Record excerpts Start Marker

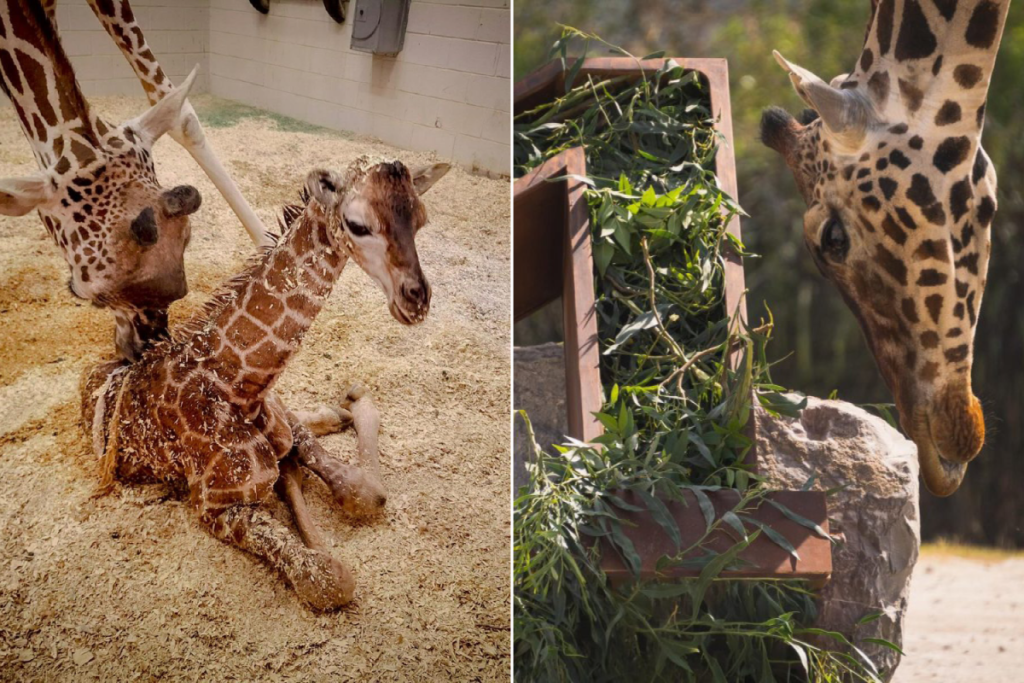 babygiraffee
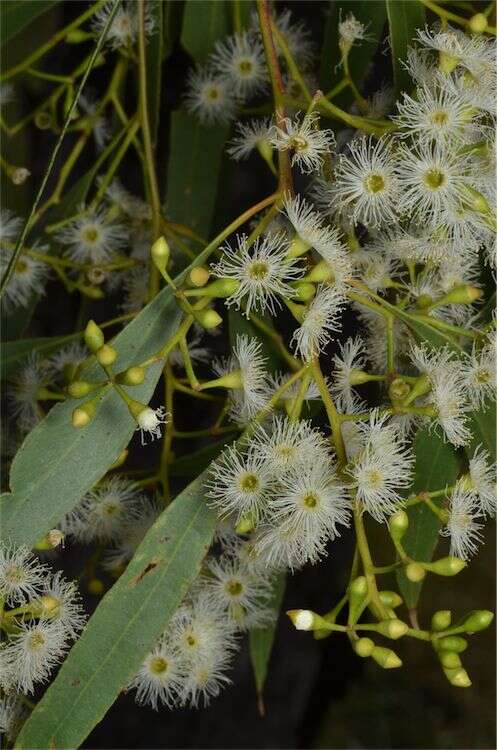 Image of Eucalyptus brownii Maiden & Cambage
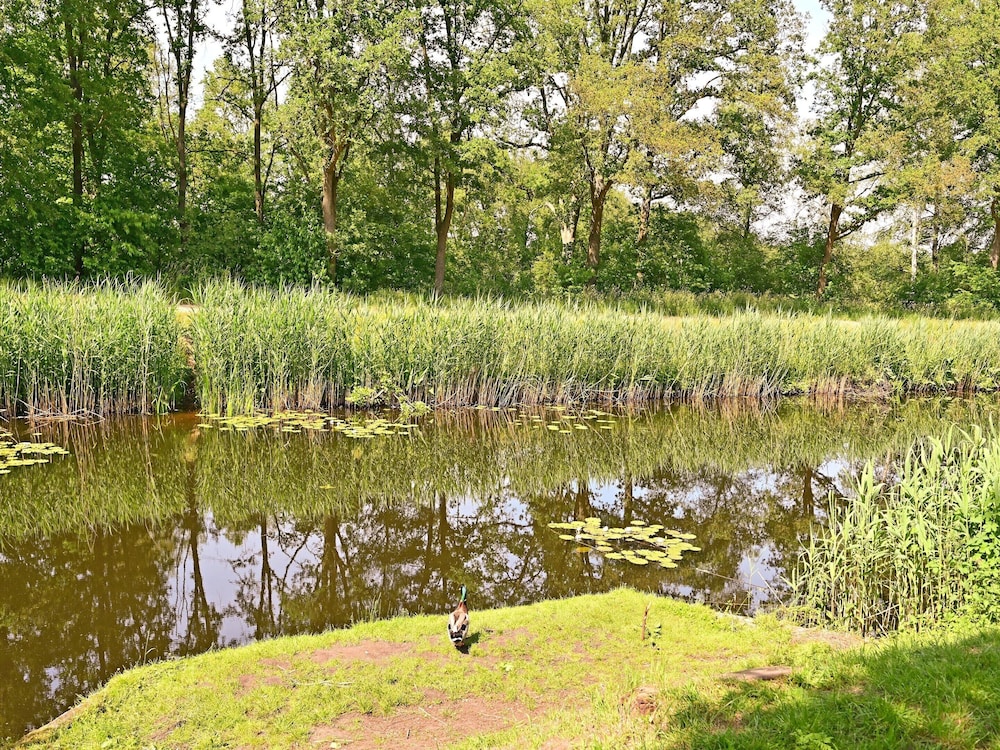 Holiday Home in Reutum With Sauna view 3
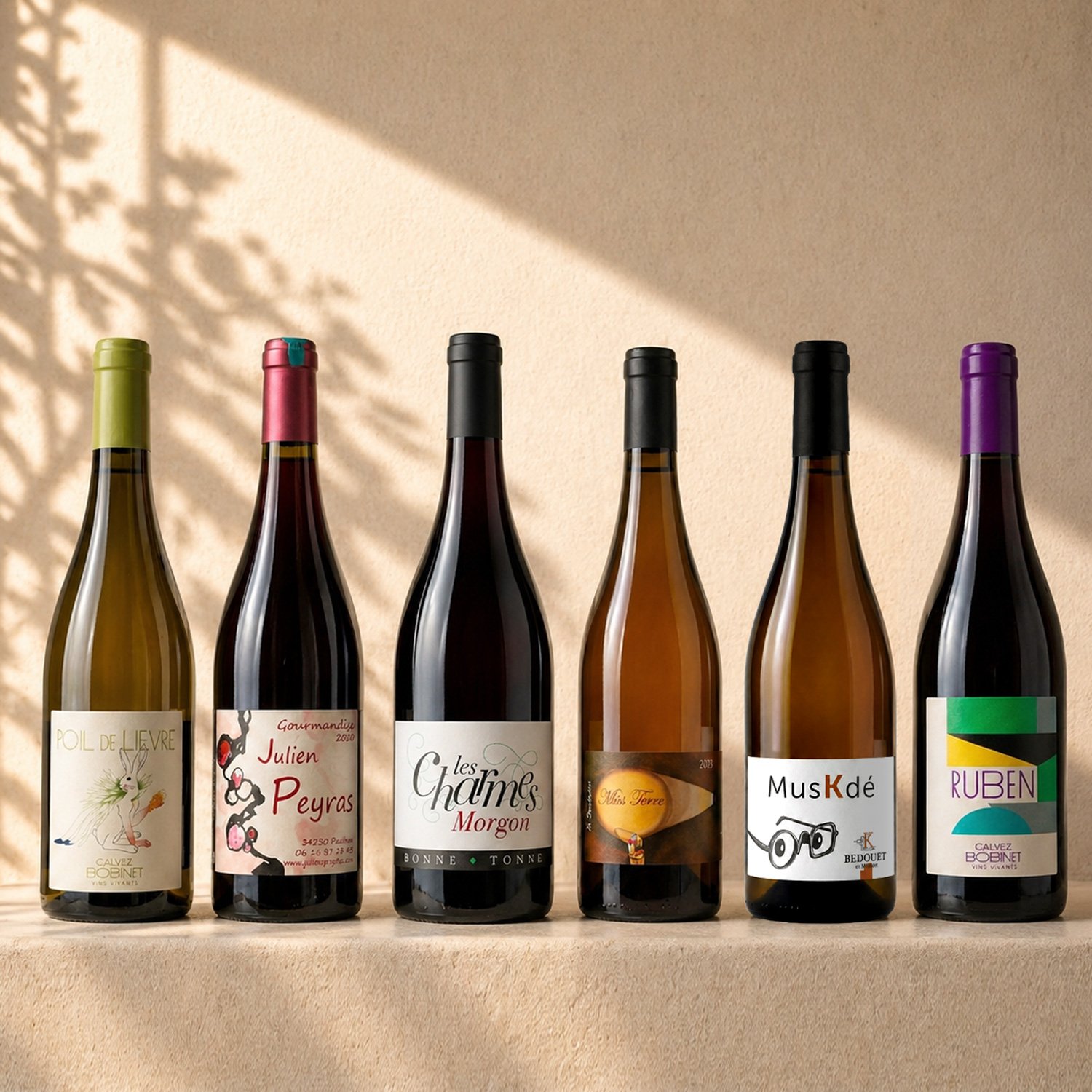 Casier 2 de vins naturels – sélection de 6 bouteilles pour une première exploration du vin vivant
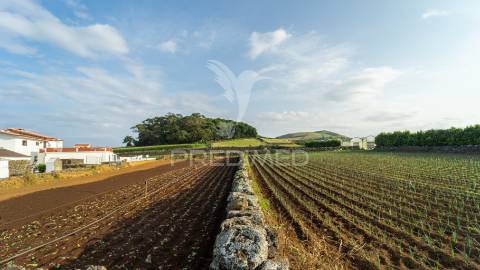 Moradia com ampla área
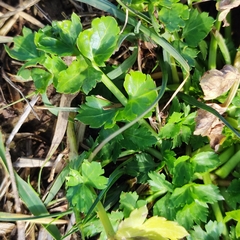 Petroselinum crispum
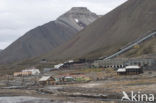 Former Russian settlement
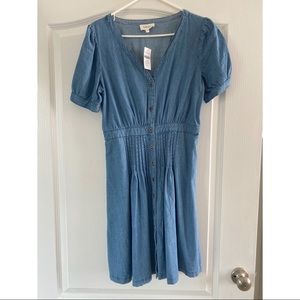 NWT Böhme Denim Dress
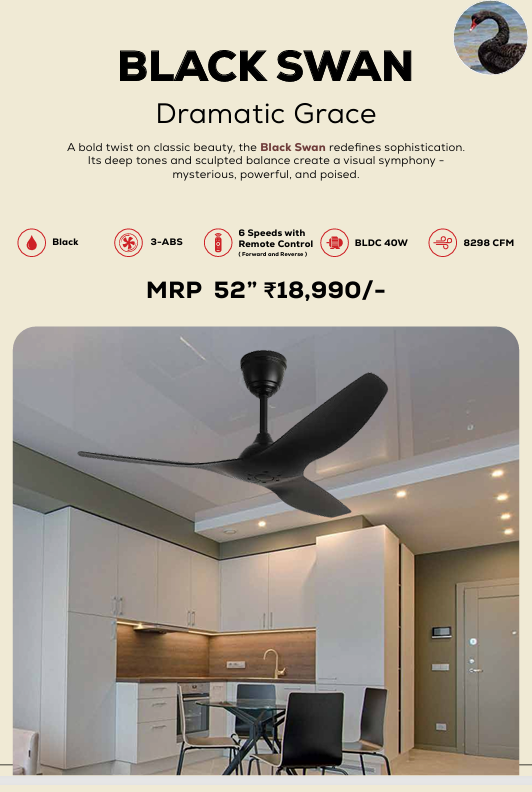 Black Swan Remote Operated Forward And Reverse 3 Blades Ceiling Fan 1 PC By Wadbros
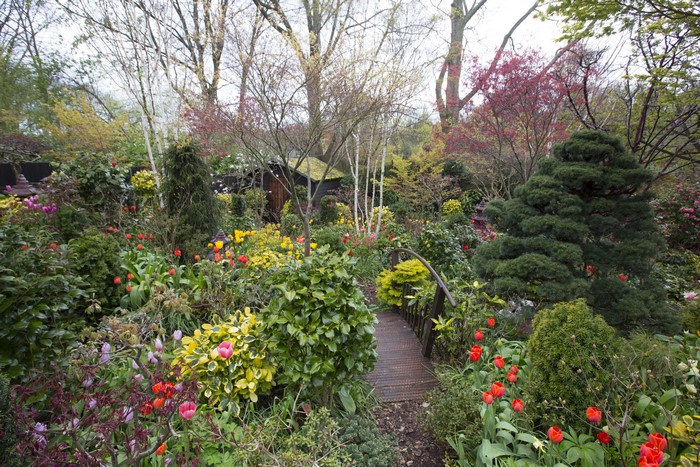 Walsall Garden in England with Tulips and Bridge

Record excerpts End Marker

Your answer must be an exact copy of the records above, with every picture left out.

Answer space:
 babygiraffee
 Image of Eucalyptus brownii Maiden & Cambage
 Holiday Home in Reutum With Sauna view 3
 Casier 2 de vins naturels – sélection de 6 bouteilles pour une première exploration du vin vivant
 Moradia com ampla área
 Petroselinum crispum
 Former Russian settlement
 NWT Böhme Denim Dress
 Black Swan Remote Operated Forward And Reverse 3 Blades Ceiling Fan 1 PC By Wadbros
 Walsall Garden in England with Tulips and Bridge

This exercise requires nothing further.